Fig. 1.

E. coli tsf mutants are resistant to CdiA-CT^EC869. (A) E. coli MG1655 target strains carrying the indicated tsf alleles were cocultured with E. coli EPI100 inhibitor cells that deploy CdiA-CT^EC869 (EC869), CdiA-CT_o11^EC869 (o11), CdiA-CT^ECL (ECL), CdiA-CT^EC536 (536), or CdiA-CT^EC93 (EC93) toxins. After 3 h, viable cell counts for each population were determined and used to calculate the competitive index as described in Materials and Methods. Mock inhibitors do not express a CDI system. Data are presented as averages ± SEM for three independent experiments. (B) E. coli EPI100 inhibitor cells expressing CdiA-CT^EC869 were cultured at a 1:1 ratio with E. coli MG1655 target strains carrying the indicated tsf alleles.

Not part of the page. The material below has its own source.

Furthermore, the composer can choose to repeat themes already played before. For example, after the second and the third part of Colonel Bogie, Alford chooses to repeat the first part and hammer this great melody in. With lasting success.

Total RNA was isolated after 10 and 20 min and subjected to Northern blot hybridization for tRNA_CUG^Gln. Because CDI^EC869 inhibitor cells are immune to toxin activity, 50% substrate conversion is indicative of complete cleavage in target cells. (C) Structure of the E. coli EF-Tu·EF-Ts complex [Protein Data Bank (PDB) ID code 1EFU]. The locations of EF-Ts Ala202, Arg219, and the coiled-coil domain are indicated.